§ Work instructions: Whenever the word "Photo" appears in a line of the data below, copy that line.

[Caption-style text data]
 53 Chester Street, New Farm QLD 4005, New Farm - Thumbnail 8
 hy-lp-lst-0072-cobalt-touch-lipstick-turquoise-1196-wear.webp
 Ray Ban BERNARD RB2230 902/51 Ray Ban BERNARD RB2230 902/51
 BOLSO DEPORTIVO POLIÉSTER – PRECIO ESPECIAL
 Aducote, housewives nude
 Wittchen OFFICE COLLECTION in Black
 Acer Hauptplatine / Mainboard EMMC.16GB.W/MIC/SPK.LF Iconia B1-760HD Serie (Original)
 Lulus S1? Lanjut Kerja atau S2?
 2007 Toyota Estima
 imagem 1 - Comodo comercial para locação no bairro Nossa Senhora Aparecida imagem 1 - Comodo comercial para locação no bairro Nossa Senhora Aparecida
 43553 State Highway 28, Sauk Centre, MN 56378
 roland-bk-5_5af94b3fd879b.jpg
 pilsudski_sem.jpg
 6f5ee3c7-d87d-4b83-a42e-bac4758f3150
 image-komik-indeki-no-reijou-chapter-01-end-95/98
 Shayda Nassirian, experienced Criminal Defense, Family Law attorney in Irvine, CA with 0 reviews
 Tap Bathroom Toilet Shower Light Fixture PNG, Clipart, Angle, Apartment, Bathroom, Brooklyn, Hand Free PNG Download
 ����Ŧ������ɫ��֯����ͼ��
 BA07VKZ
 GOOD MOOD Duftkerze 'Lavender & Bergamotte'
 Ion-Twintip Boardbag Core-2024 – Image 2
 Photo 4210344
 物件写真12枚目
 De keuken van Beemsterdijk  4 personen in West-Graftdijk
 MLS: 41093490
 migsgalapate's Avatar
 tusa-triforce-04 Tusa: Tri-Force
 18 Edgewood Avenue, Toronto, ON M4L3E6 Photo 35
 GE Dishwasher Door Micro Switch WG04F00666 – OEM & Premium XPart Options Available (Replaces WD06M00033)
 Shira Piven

§ Result below:
 Photo 4210344
 18 Edgewood Avenue, Toronto, ON M4L3E6 Photo 35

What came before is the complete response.